Нина Федоровна (жена Николая Александровича):

– Можно, я ему еще напомню? Я в конце 1943 года закончила учебу. Меня направляют в Андриаполь. И его полк переводят в Андриаполь. И в первый раз я пришла на танцы, а мне еще не было семнадцати лет, и первым он пригласил меня.

И все происходило при мне. Я жила на берегу Западной Двины, под Андриаполем, село Великое. А их полк стоял за рекой. Над моим домом гул, и мы знали – они полетели. Утром они прилетают или, наоборот, уже ближе к вечеру…

Мы, девушки, когда приходили на танцы, тут же знали, когда они хорошо отбомбились, а когда потери были. По степени опьянения, по их настроению мы уже знали…

А когда я в первый раз пришла на танцы, они все были навеселе. Кто побольше, кто поменьше… Веселые, бодрые были. И на танцах они веселились. Потому и песню сложили:


Кто сказал, что надо бросить
Песню на войне.
После боя сердце просит,
Музыки вдвойне…

Вот они и веселились.

– Сто граммов хватало или добавляли?

– Нам всегда хватало. Но иногда заливался спирт во фляжечку…

– На войне без потерь не обходится. Как воспринимались сообщения о том, что кто-то не вернулся?

– Переживать начинали, если через два-три дня не прилетел к нам. Бывало, что где-то садился… Сообщение подавал, и мы знали, где он. А когда такого сообщения не было, значит, он сбит был. Конечно, было тяжело, жалко.

– Что делали с вещами пропавших или погибших?

– Этим у нас занимался адъютант.

– В 1941 году, когда немцы перли и почти до Москвы дошли, уныние у вас было?

– Тяжело, конечно, было всем. Но уныния не было. И мы все равно бомбили. Наш полк назвали «Сталинградский», потому что мы все это время, когда там немцы стояли, бомбили их в Сталинграде.

– Какие столицы, кроме Берлина, еще вы бомбили?

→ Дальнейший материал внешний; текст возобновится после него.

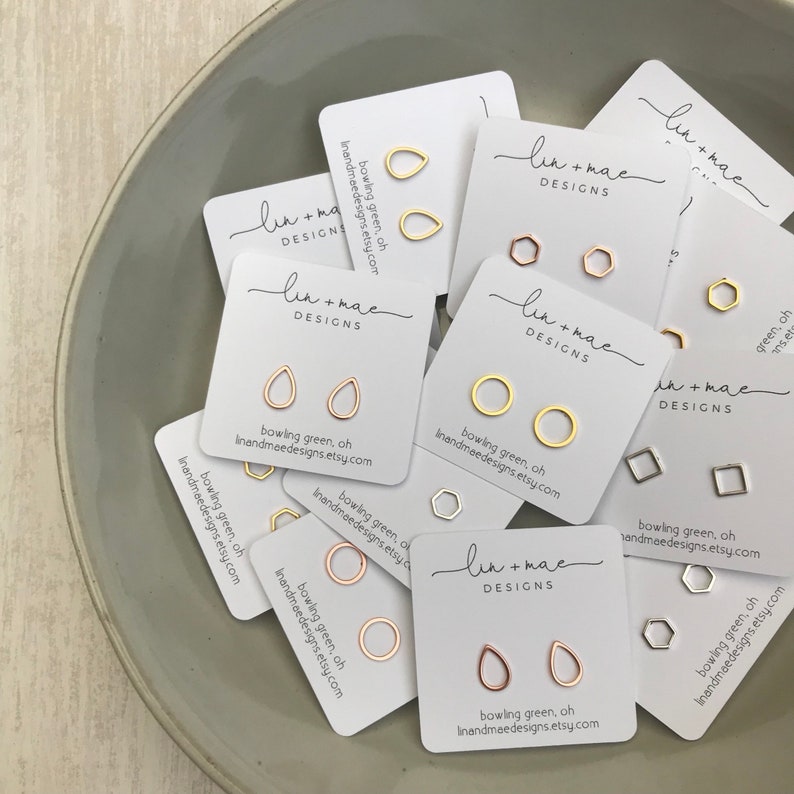May include: Assortment of small gold and silver earrings on white cards with the text "lin + mae DESIGNS" and "bowling green, oh linandmaedesigns.etsy.com".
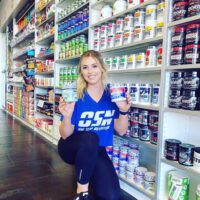 Woman in a branded One Stop Nutrition shirt crouching in-store while holding supplements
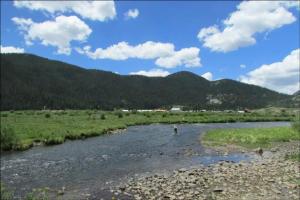 南福克Ute Bluff Lodge, Cabins and RV park的站在田野的河流中的人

– Еще мы Варшаву бомбили. И Будапешт. Еще в Румынии порт Констанца.

– Награды за какое количество вылетов давали?

– Мы не интересовались этим. Кому давалось, какая награда… Вот только когда Героя Советского Союза присвоят, то мы все радовались.

– За какое количество вылетов вам присвоили звание Героя Советского Союза?

– А кто его знает? Нас это не интересовало. Какое наше дело? Всего у меня 298 вылетов на дальние цели. Но учитывалось не только количество, но и важность цели, и дальность до цели.

– Сколько у вас орденов Боевого Красного Знамени?

– Три.

– Сколько вылетов на Хельсинки вы сделали?

– На Хельсинки я, по-моему, всего один или два вылета сделал. Бомбили железнодорожный узел или порт, только эти объекты. А по жилым массивам даже запрещалось бомбы сбрасывать. А вообще на Финляндию – порядка пяти, наверное. Сейчас не помню, по побережью, скорее всего, Котку, Турку, Абэ. Нас там один раз подбили сильно. И я уже хотел в Ленинград, на запасной аэродром в Левашово, садиться, но все же мы решили в Ленинграде не садиться, потому что он был окружен. И дотянули до запасного аэродрома уже ближе к нашему полку.